I have set a guard to my mouth.’
I was mute and was humbled,
and kept silence even from good things” (Ps. 38:2-3).
Here the Prophet shows
that if the spirit of silence ought to lead us at times
to refrain even from good speech,
so much the more ought the punishment for sin
make us avoid evil words.
Therefore, since the spirit of silence is so important,
permission to speak should rarely be granted
even to perfect disciples,
even though it be for good, holy edifying conversation;
for it is written,
“In much speaking you will not escape sin” (Prov. 10:19),
and in another place,
“Death and life are in the power of the tongue” (Prov. 18:21).
For speaking and teaching belong to the mistress;
the disciple’s part is to be silent and to listen.
And for that reason
if anything has to be asked of the Superior,
it should be asked
with all the humility and submission inspired by reverence.
But as for coarse jests and idle words
or words that move to laughter,
these we condemn everywhere with a perpetual ban,
and for such conversation
we do not permit a disciple to open her mouth.
There is an unfortunate translation in this passage, I believe. The word “mistress” does not mean what we first might think of when we see this word. Married women used to be addressed as “mistress.” Mrs. is the abbreviation of “mistress.” Here it refers to Abbess. The translation used switches genders from one chapter to the next to be egalitarian. So in this case “mistress” refers to the Abbess.

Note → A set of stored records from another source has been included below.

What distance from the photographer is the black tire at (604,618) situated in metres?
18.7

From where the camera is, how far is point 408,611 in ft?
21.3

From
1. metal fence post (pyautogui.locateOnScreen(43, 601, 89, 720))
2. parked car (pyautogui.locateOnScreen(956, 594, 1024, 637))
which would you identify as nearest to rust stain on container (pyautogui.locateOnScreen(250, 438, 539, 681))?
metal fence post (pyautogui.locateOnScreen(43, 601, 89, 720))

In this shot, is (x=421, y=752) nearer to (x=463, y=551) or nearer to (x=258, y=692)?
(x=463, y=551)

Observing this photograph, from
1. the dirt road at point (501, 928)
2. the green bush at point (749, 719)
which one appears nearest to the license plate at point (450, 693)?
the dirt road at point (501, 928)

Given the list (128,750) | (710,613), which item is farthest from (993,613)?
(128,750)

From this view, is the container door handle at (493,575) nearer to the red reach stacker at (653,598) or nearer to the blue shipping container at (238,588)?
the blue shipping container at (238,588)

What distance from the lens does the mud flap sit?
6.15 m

Silence. Have you ever noticed how little there is of silence? Grocery stores, the pharmacy, restaurants, when we are on hold, elevators, other people’s cars… everywhere we go we are assaulted by music. People can barely remain silent during church services. I live in an apartment fifty feet from a busy freeway, even double-paned glass doesn’t block the sound of the traffic.
How very hard it is to block out all distractions to prayer in the first place and then on top of that, we have all the distractions of modern life.
In Benedictine communal living situations, there is silence at all times except for designated times of the day. Hand signals have been developed for the occasions when it is absolutely necessary for the members to communicate something of importance because Benedict says that we should refrain from speaking even “good speech.” Therefore permission to speak must be given by the monastic superior. We are to listen to teaching and absorb it, internalize it and translate it into our behavior.
I mentioned yesterday that Benedict hated grumbling, murmuring, ridicule, sarcasm, and now we see that he also hated coarse jests and idle words. These could be sources of more ridicule and gossip. Which is not fixing one’s heart and mind on God. Which is the purpose of silence.